Cody Smith is the Intersex Project Worker at A Gender Agenda. Photos: Supplied.

Pride Month is about many things. It’s a time to reflect on the myriad challenges the LGBTIQ+ community has faced – and continues to face – around the world, a time to celebrate diversity and love, and an opportunity to educate, acknowledge, and grow.

But while Pride flags are raised skyward and traffic signals reflect the uniquely diverse community of Canberra, a marginalised group of individuals often get swept to the sidelines of the conversation. A group whose struggles still reflect the desperate need for enlightened discussion and cultural, social, and legislative reform.

“Most people assume that identifying as intersex is the same as identifying as transgender, and that often conflates the issues,” Cody Smith says. Cody is the Intersex Project Worker at A Gender Agenda, an organisation committed to progressing the rights of Intersex, Trans, and gender-diverse people.

For the past two years, Cody has run an intersex peer support program that provides specialised knowledge and resources on a one-on-one basis, but that program has recently lost its funding.

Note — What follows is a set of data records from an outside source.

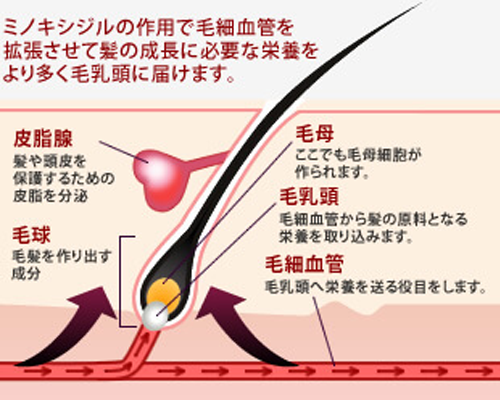 ミノキシジルイメージ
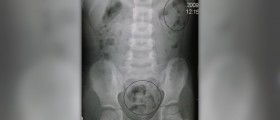 Constipation in infants treatment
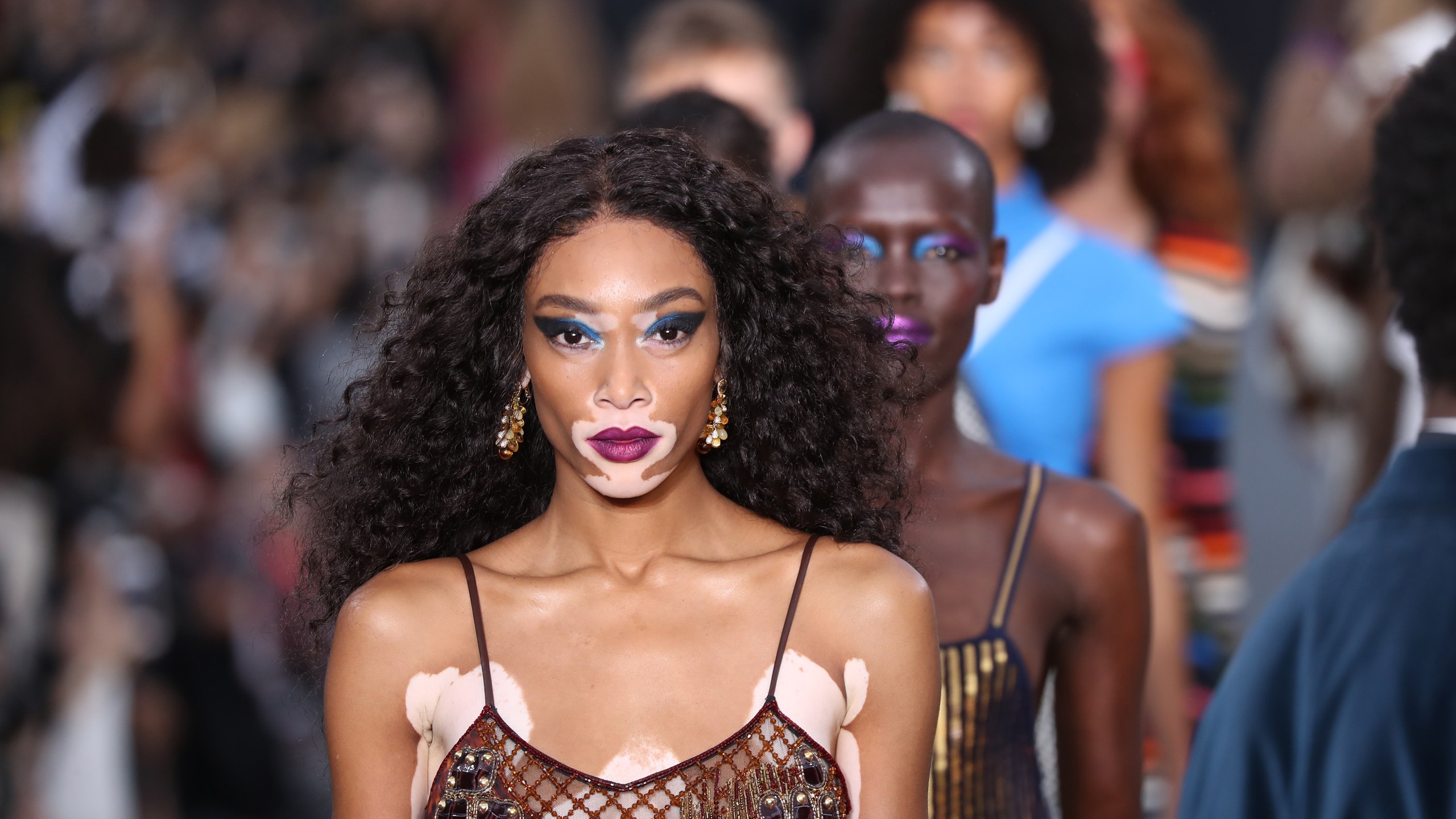 Winnie Harlow Says America S Next Top Model Didn T Do Anything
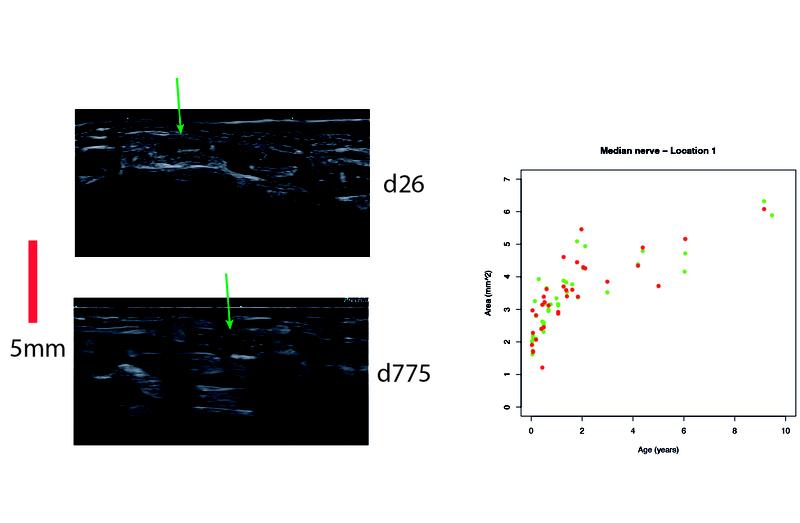 Korrelation zwischen Alter und Durchmesser des Nervus medianus in den ersten zwei Lebensjahren - Untersuchung mittels hochauflösender Ultraschalltechnik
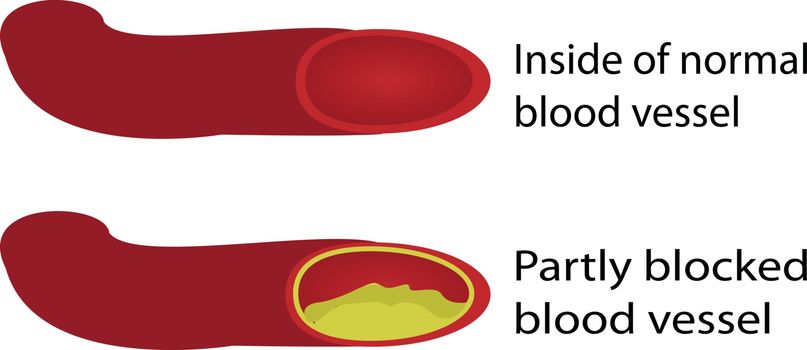 Healthy and blocked blood vessels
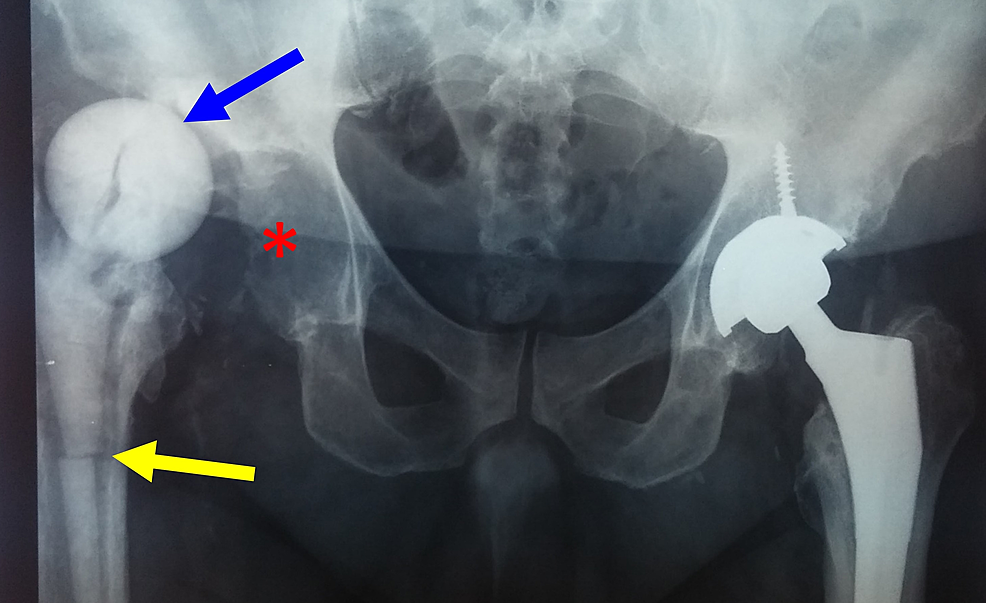 Cureus Current Concepts on the Application, and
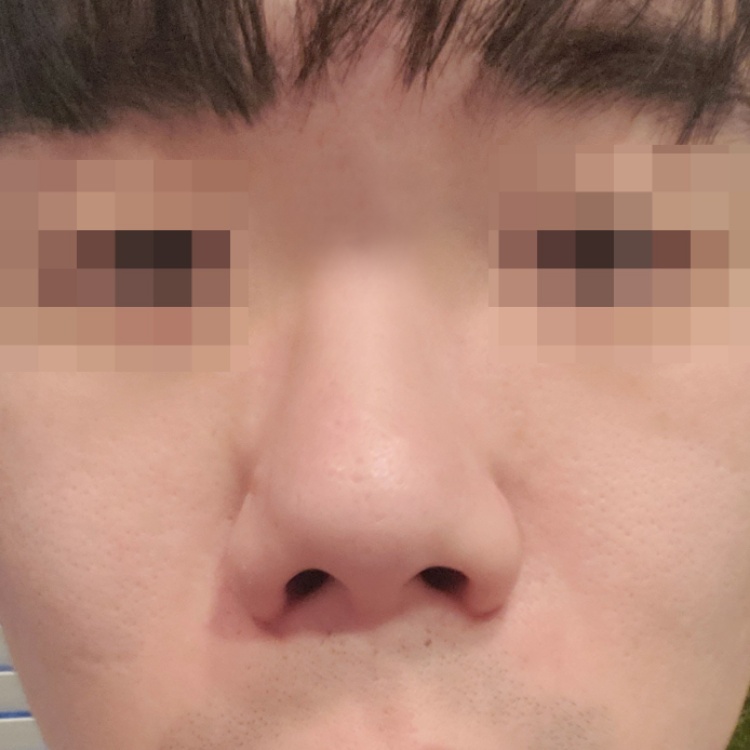 콧볼축소 후기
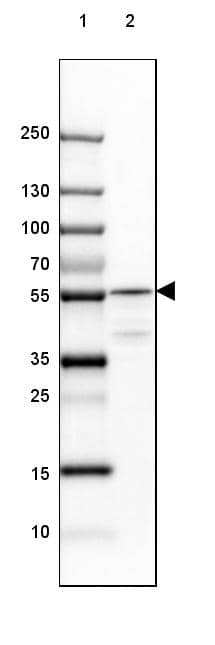 TCP1-beta Antibody - BSA Free Western Blot: TCP1-beta Antibody - BSA Free [NBP1-88146]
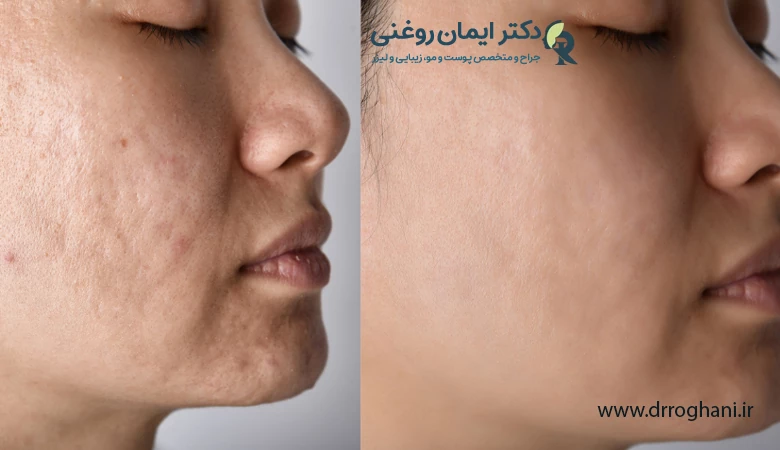 چگونه از عوارض سابسیژن پیشگیری کنیم؟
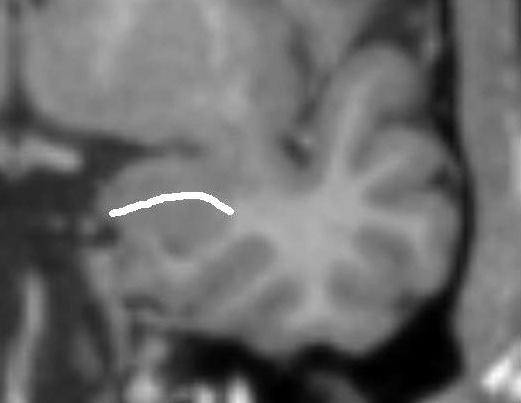 Metodologia 64 Figura 10: Corte de ressonância magnética coronal, ponderado em T1, mostrando o alveus do hipocampo, que divide esta estrutura da amígdala.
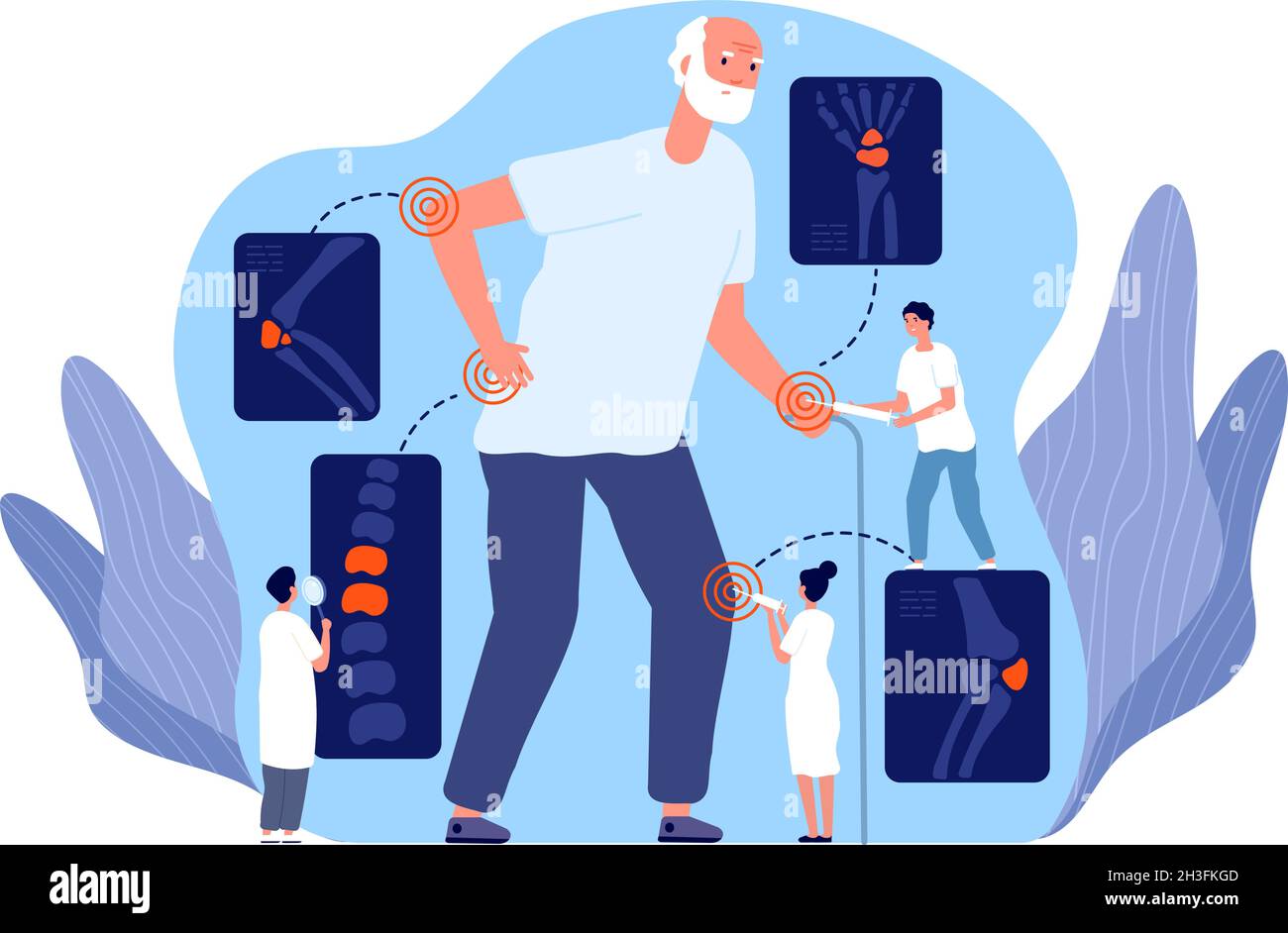 Artrite. Articolazione reumatoide, dolore rotuleo con iniezione. Raggi X delle ossa, rigonfiamento del ginocchio e infiammazione. Concetto del vettore utter della malattia di osteoporosi Illustrazione Vettoriale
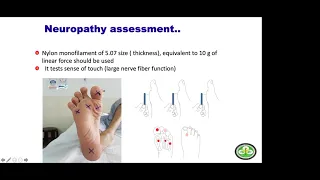 EVALUATION OF DIABETIC FOOT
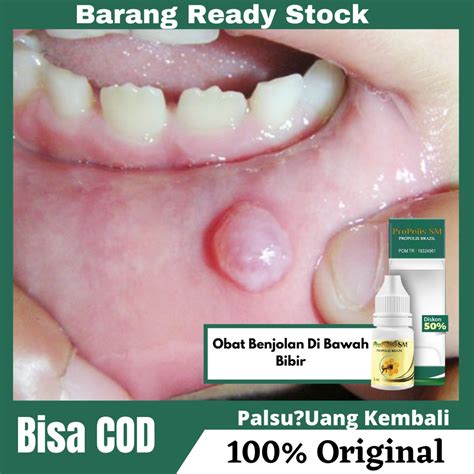 Jual Obat Benjolan Di Bawah Bibir Sariawan Mucocele Abses Gusi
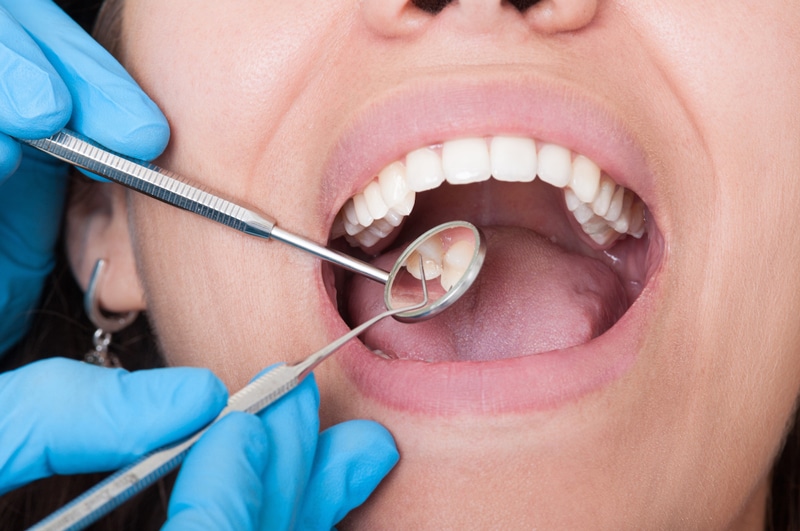 10 Tips for Proper Dental Care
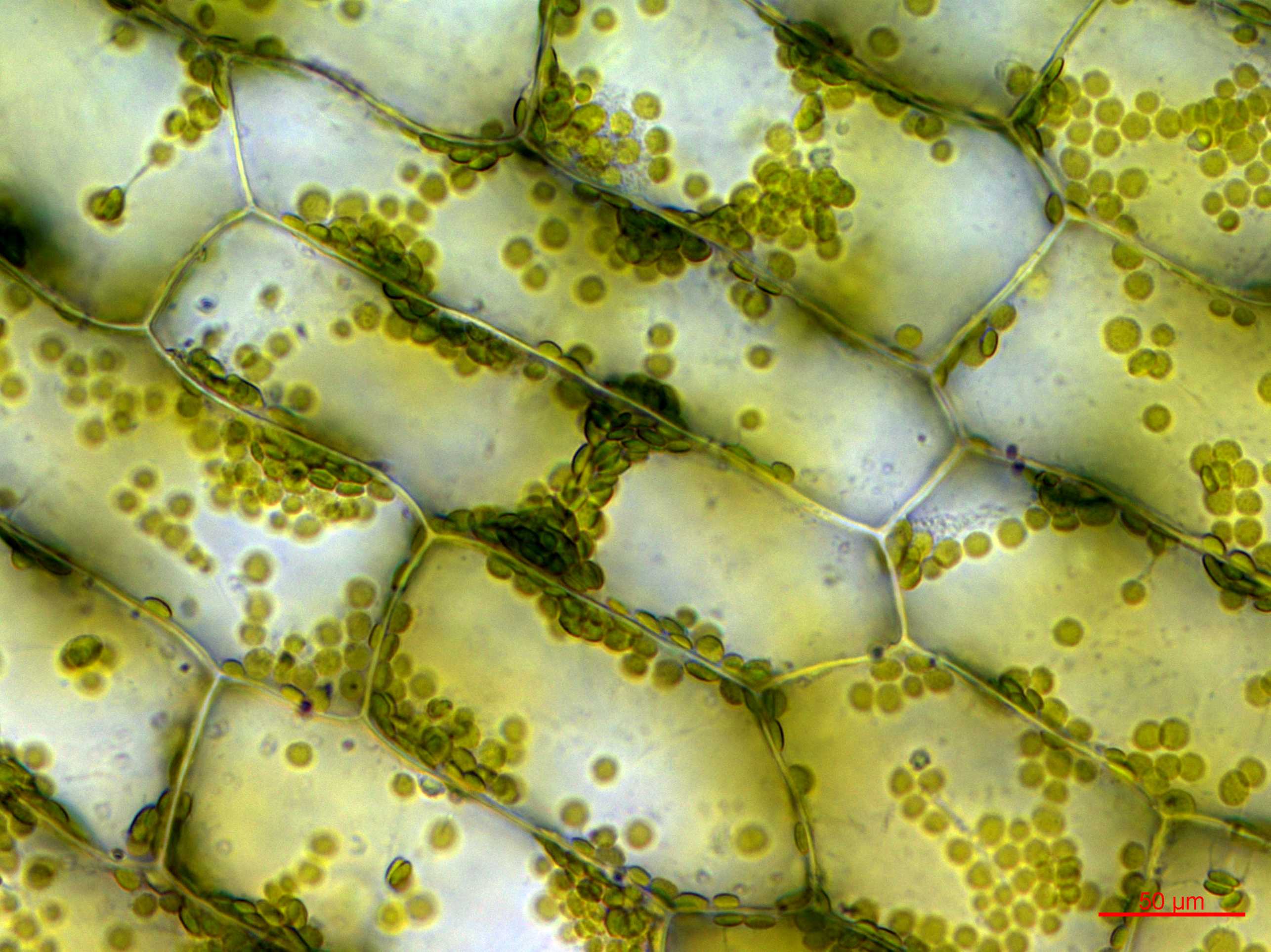 Enlarged view: Chloroplast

“The Intersex Project worker position is one of only a few paid positions in Australia, and was originally funded by the Canberra LGBTIQ Community Consortium (the Consortium),” Sel Cooper, executive director of AGA said.

“However, the Consortium’s work finalised early this year, ending the funding for the position.

“AGA has been able to commit finances to the role until December 2019, in the hope to secure further funding for the role.”

However, they are confident they will still be able to manage peer support services for intersex people, and continue to encourage contact.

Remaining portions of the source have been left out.